# Cookie



## polly (Mar 10, 2008)

You went way before your time little man. Make sure you say Hi to your mama up there. 

Cookie was a bun thatwe bred he was just over a year old. He lived with Jade who loved him and took brilliant care of him. Unfortunately yesterday she noticed that he was very lethargic and the vet decided she could do nothing but put him to sleep. 

I have given Jades mum the link to this site so maybe she will come on to post but I wanted to share some pics of this wonderful bun. when he was born his mum died and his sibling was dead. We hand reared him till Dorie had her babies and fostered him to her he flourished and has had a wonderful if short life.

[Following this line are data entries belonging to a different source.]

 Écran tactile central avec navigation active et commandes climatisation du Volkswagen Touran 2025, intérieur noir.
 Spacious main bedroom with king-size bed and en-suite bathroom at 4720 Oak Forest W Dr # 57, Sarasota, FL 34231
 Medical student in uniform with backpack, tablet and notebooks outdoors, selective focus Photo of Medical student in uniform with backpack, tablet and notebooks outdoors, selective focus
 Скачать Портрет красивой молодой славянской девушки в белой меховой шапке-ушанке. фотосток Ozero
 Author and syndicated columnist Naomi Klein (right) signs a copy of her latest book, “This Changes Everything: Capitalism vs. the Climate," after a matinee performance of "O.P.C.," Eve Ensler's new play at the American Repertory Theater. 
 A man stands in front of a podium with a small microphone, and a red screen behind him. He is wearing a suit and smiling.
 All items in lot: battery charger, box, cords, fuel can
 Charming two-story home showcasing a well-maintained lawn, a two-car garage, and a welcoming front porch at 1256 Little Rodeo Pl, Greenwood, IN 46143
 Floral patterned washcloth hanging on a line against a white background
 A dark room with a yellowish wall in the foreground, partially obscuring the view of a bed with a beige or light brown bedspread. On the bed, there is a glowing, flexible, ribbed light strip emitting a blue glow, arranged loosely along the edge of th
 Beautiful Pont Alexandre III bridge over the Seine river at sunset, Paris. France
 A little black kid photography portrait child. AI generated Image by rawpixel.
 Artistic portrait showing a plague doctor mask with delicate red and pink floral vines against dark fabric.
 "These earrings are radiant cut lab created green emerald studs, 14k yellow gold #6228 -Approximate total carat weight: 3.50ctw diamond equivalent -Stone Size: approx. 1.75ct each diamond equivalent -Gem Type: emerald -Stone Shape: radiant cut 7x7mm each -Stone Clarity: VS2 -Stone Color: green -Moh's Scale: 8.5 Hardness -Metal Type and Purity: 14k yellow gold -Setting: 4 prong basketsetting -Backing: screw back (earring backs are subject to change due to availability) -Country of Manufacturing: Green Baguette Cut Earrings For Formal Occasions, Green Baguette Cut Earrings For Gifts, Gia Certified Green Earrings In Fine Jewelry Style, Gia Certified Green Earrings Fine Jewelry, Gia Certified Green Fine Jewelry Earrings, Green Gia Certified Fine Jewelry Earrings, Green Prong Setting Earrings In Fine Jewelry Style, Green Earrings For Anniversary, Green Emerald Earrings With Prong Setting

And with his partner in crime Pheobe


----------



## Bo B Bunny (Mar 10, 2008)

:cry1:I'm so sorry. He was just adorable.


----------



## Becca (Mar 10, 2008)

OHMIGOSH - I am so sorry for your loss
Love and kisses
bex, dippy, nibbles, fluffball and pip
xxxxxxxxxxxxxxxxxxxxxxx


----------



## tonyshuman (Mar 10, 2008)

Oh no. I'm so sorry for your loss.


----------



## MsBinky (Mar 10, 2008)

Oh Polly, I am sorry to hear He was a gorgeous bun. Binky free lil man :rainbow:


----------



## TinysMom (Mar 10, 2008)

I'm so sorry for your loss......he was so young - and so darned cute too.

Peg


----------



## Haley (Mar 11, 2008)

Im so sorry, Polly. He was such a beautiful little boy.


----------



## FallingStar (Mar 11, 2008)

I'm so sorry Polly. :tears2: He was a handsome little boy.


----------



## AngelnSnuffy (Mar 11, 2008)

I'm so sorry, Polly:hug:.

RIP Cookie, binky free, sweetie.


----------



## GoinBackToCali (Mar 11, 2008)

I am so sorry for your loss...

Zin


----------



## slavetoabunny (Mar 11, 2008)

RIP Cookie. You were and handsome boy who was loved very much.:sad:


----------



## mouse_chalk (Mar 11, 2008)

I'm so sorry Polly. Cookie was such a lovely little bunny 

Hugs to you :hug:

Jen xx


----------



## Cookie-Phoebe (Mar 11, 2008)

Thanks Polly, he was my bunny and i miss him. Jade x


----------



## trailsend (Mar 11, 2008)

I'm sorry what a precious little bun.


----------



## momofmany (Mar 12, 2008)

I'm so very sorry for your loss of Cookie.


----------



## TreasuredFriend (Mar 12, 2008)

{{precious babe}}


----------